こうしたなか、レーニン死後30周年記念事業の一つとして日本語版『レーニン全集』の刊行が決定され、ロシア語第4版(当初全35巻)に基づいて日本共産党の関連機関であるマルクス=レーニン主義研究所のレーニン全集刊行委員会によって翻訳が行われた。発行は『マルクス=エンゲルス選集』・『スターリン全集』などの刊行を行っていた大月書店が行った。発足当初の全集刊行委員会の顔ぶれは、飯田貫一・石堂清倫・川内唯彦・蔵原惟人・古在由重・平沢三郎・藤川覚・松本惣一郎・村田陽一・山辺健太郎であった。刊行は第1期:第1~12巻(1953~55年)、第2期:第13~24巻(1955~57年)、第3期:第25~35巻および別巻1~2(1957~60年)、第4期:第36~39巻および別巻3(1960~62年)、第5期:第40~45巻(1966~69年)と行われ、計16年をかけて完結した。第1~35巻には月報として「研究のしおり」が付されており、連載されていた中野重治のエッセイは、後に増補のうえ『レーニン素人の読み方』(筑摩書房、1973年)として刊行されている。全巻が函入り・上製(茶色のハードカバー)で出版されたが、当初は普及版も同時に刊行されており、第1~13巻(1953~55年)については並製・上下分冊のものが存在する。当時の広告によると、第1巻刊行時(1953年9月)の価格は上製版750円、並製版(上下)各280円で、全巻完結時(1969年10月)の価格は各巻2,000~2,500円、全巻揃い98,500円であった。
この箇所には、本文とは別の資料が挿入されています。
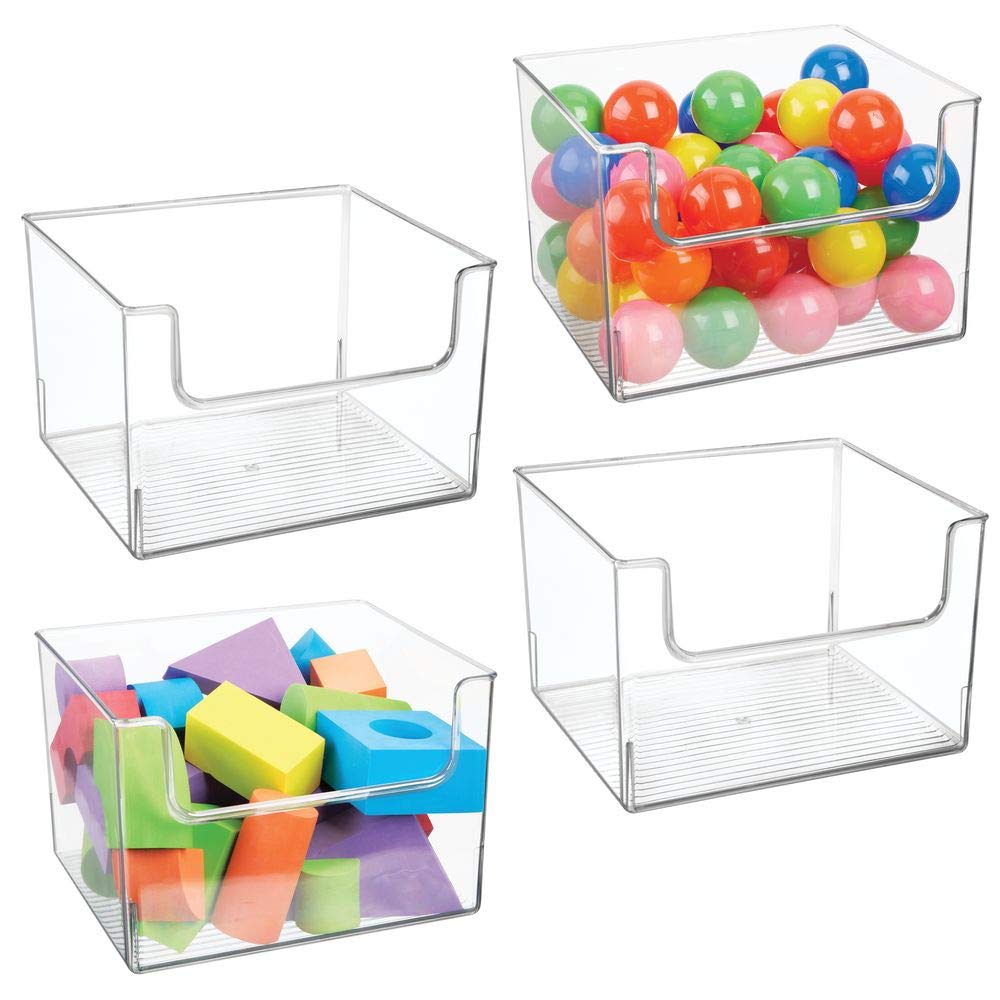 plastic toy storage bins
翻訳にあたっては、正確を期すために原訳、校閲、統一の三段階制をとり、翻訳者は上記の刊行委員会メンバーの他にも、秋山憲夫・浅野勉・石山正三・池田博行・内海周平・大谷隆雄・川上洸・副島種典・高橋勝之・東郷正延・直野敦・堀江邑一・山村房次・和久利誓一らのべ70名が関わった。1969年末までに計120万部を発行した。また、ロシア語第5版が決定版として刊行されたことから、レーニン全集刊行委員会編『レーニン全集5版と4版の対照表』が独自に別巻3として1968年に作られている。同巻は全巻購入特典として頒布されたほか、900円で単独販売もされた。『レーニン全集』の外国語訳としては世界初であり、多くの日本の大学図書館が所蔵している。
特徴および批判
『レーニン全集』各版の編纂は、ソビエト政権の時々の方針によってなされたため、それぞれの性格の違いが存在する。特に第2・3版がスターリン時代以前に編纂されていたものを含んでいたのに対して、第4版はスターリニズムに基づいて編纂され、特にスターリンに関係のあるレーニンの著作が多く収録された。具体的には、意図的に収録されなかったと思われる文献として、レーニンより年上の革命家のプレハーノフ、アクセリロード、スターリンによって粛清されたジノヴィエフ、カメーネフ、ブハーリンなどに宛てた手紙が挙げられる。その他、党政治局に宛てた手紙をスターリン宛にする、スターリンにとって都合の悪い部分の削除などが見られる。そのため、欧米の研究者は第4・5版刊行後も、それ以前に編纂されていて詳細な注解も付されている第2・3版を使ってきた。なお、日本では第2次世界大戦中に第2・3版やその他の文献が没収されて入手困難なため、第4・5版が用いられてきた。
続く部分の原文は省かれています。